I then created test data in each table, I am sure there is a more efficient way but I just used a naughty loop:

DECLARE @counter AS INT
SET @counter = 1
DECLARE @uniqueId AS UNIQUEIDENTIFIER
SET @uniqueId = NEWID();
WHILE (@counter < 100000)
BEGIN
 INSERT INTO UniqueIdentifierPrimaryKey VALUES (NEWID(), @uniqueId)
 INSERT INTO UniqueIdentifierPrimaryKeyControl VALUES (NEWID())
INSERT INTO IntPrimaryKey VALUES (@counter, @uniqueId)
 INSERT INTO IntPrimaryKeyControl VALUES (@counter)
SET @counter = @counter + 1
END

After that I tested the results using sp_estimate_data_compression_savings which will calculate savings based on the two compression types — Page and Row.

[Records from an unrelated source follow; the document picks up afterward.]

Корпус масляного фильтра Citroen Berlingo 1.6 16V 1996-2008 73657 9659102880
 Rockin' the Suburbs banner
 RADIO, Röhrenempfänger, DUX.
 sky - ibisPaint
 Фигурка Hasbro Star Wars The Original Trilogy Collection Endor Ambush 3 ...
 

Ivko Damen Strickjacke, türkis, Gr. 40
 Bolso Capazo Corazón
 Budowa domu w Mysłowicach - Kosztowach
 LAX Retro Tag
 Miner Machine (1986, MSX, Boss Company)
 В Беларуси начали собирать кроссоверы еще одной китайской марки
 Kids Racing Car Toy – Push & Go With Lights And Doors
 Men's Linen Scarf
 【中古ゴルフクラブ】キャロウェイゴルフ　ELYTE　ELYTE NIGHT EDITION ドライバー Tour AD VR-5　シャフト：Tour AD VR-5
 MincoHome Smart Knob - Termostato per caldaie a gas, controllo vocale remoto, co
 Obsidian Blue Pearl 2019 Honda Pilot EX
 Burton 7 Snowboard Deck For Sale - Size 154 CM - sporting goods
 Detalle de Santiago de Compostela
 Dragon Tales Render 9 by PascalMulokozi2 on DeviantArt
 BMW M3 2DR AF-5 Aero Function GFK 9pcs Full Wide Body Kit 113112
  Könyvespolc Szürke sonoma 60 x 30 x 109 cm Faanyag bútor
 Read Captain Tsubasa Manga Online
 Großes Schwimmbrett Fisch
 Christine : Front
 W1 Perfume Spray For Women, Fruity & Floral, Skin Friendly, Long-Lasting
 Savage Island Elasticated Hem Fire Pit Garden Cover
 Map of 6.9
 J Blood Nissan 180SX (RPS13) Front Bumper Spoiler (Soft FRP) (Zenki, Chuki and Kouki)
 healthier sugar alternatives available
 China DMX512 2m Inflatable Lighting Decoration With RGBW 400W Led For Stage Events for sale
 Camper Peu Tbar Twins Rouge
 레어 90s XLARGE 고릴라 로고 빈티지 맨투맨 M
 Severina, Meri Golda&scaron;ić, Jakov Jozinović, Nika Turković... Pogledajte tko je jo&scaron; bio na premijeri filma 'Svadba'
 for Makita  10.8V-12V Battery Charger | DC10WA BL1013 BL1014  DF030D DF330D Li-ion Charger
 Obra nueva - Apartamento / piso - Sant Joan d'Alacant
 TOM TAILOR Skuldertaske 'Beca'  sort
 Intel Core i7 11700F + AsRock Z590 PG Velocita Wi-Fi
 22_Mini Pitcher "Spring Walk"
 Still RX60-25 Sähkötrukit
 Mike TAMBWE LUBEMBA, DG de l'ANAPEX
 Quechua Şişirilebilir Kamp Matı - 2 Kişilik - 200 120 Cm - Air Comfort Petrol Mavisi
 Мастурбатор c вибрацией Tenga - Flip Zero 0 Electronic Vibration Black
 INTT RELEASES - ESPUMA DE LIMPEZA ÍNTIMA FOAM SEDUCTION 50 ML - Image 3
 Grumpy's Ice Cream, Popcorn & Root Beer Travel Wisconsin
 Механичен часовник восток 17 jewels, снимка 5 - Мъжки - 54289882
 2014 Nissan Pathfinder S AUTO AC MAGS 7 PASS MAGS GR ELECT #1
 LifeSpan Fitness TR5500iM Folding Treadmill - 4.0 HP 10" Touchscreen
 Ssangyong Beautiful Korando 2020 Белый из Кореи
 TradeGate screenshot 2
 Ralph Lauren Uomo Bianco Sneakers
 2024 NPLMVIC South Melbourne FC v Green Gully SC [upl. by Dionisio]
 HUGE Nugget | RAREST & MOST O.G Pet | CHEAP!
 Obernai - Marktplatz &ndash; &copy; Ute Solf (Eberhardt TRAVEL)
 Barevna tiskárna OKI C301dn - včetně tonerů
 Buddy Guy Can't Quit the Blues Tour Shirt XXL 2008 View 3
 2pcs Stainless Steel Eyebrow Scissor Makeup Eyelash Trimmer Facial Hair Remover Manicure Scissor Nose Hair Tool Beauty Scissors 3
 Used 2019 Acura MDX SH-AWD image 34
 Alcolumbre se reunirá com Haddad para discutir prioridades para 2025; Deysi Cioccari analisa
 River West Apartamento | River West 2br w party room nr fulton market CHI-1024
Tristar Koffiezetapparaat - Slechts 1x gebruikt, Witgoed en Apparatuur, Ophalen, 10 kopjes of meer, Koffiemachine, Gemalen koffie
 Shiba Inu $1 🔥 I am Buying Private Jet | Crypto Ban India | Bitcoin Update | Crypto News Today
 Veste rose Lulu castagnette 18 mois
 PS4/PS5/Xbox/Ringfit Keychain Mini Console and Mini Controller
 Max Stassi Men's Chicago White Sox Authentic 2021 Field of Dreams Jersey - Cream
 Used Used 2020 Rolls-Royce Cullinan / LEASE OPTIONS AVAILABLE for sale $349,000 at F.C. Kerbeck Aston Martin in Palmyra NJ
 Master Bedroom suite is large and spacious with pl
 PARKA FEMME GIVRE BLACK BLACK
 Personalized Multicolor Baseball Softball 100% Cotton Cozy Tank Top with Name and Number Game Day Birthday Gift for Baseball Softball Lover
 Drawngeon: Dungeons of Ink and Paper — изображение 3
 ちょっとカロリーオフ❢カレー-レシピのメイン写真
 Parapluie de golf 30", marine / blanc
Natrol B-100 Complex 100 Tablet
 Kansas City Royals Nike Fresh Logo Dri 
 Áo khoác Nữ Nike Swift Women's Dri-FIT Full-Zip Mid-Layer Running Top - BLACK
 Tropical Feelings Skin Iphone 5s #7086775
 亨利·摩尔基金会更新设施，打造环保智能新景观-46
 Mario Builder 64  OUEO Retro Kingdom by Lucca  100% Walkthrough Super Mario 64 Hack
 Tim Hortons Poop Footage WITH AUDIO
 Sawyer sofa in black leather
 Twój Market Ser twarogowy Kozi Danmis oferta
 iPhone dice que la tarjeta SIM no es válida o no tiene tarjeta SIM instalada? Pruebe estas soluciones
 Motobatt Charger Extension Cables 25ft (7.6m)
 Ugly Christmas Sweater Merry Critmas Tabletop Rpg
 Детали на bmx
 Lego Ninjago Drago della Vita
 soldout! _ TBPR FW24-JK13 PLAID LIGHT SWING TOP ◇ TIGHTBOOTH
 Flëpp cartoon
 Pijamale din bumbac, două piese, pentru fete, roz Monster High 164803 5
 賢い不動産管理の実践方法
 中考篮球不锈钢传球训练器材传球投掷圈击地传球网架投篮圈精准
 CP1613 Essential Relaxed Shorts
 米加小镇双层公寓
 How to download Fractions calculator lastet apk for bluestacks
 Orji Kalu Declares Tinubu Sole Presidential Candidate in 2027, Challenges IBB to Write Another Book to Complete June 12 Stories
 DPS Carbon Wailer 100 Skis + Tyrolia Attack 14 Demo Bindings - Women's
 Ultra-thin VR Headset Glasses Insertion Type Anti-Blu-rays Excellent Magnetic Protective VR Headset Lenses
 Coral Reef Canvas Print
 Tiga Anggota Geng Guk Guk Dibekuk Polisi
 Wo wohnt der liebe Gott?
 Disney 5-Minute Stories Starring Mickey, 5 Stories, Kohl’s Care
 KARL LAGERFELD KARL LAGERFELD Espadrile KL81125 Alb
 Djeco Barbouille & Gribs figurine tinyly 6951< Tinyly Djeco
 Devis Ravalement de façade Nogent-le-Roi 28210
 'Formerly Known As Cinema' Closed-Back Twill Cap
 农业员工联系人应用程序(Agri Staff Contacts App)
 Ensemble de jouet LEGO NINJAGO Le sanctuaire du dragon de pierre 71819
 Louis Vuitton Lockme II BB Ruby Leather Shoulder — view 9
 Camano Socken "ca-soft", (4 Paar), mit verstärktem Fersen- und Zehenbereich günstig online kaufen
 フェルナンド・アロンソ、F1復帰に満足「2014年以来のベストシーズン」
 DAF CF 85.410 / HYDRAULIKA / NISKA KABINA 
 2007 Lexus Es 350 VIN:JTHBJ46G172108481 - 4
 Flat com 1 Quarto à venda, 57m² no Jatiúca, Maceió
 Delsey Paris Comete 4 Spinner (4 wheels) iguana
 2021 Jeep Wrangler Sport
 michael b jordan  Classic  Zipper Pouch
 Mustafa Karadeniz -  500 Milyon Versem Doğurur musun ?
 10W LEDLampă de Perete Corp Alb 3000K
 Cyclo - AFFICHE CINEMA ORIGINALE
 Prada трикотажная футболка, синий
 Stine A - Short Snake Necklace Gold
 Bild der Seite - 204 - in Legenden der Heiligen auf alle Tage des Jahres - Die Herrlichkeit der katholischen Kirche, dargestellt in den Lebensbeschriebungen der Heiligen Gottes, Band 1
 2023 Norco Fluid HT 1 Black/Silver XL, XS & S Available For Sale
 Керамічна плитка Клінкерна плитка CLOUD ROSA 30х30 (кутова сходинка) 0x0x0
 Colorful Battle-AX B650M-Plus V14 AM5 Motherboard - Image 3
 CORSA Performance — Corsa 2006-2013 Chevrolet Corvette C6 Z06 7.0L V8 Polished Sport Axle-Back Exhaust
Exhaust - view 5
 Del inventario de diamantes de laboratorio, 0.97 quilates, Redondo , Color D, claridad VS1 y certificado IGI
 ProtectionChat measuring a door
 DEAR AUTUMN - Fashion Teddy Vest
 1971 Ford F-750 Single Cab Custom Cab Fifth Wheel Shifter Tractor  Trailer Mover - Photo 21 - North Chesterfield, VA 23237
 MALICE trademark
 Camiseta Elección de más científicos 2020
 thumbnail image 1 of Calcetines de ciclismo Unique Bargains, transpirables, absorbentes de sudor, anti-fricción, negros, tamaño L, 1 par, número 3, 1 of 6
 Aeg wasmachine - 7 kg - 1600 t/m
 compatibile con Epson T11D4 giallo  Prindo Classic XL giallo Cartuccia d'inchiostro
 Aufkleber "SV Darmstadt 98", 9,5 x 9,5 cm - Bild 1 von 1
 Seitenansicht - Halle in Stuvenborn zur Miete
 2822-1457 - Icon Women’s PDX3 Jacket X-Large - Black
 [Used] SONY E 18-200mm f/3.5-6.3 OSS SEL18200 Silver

EXEC sp_estimate_data_compression_savings NULL, UniqueIdentifierPrimaryKey, NULL/*index*/, NULL, PAGE ;
EXEC sp_estimate_data_compression_savings NULL, UniqueIdentifierPrimaryKey, NULL/*index*/, NULL, ROW ;

Page: went from 8104 KB down to 5096 KB Row: went from 8104 KB up to 8552 KB

EXEC sp_estimate_data_compression_savings NULL, UniqueIdentifierPrimaryKeyControl, NULL/*index*/, NULL, PAGE ;
EXEC sp_estimate_data_compression_savings NULL, UniqueIdentifierPrimaryKeyControl, NULL/*index*/, NULL, ROW ;

Page: went from 5632 KB up to 5696 KB Row: went from 5632 KB up to 5696 KB

EXEC sp_estimate_data_compression_savings NULL, IntPrimaryKey, NULL/*index*/, NULL, PAGE ;
EXEC sp_estimate_data_compression_savings NULL, IntPrimaryKey, NULL/*index*/, NULL, ROW ;

Page: went from 4272 KB down to 1600 KB Row: went from 4272 KB down to 4120 KB

EXEC sp_estimate_data_compression_savings NULL, IntPrimaryKeyControl, NULL/*index*/, NULL, PAGE ;
EXEC sp_estimate_data_compression_savings NULL, IntPrimaryKeyControl, NULL/*index*/, NULL, ROW ;

Page: went from 2696 KB down to 2136 KB Row: went from 2696 KB up to 2136 KB

Significant compression on uniqueidentifier columns does happen when there are duplicates that allow for compression. As the results show there was very clear compression of uniqueidentifier column for non primary key value i.e. when there was ability for compression across multiple similiar values in a page. But for primary key i.e. unique every row, there was no benefit to compression. Also important to note that row compression had no effect, which is what I would expect since a uniqueidentifier is as compressed as possible within its datatype.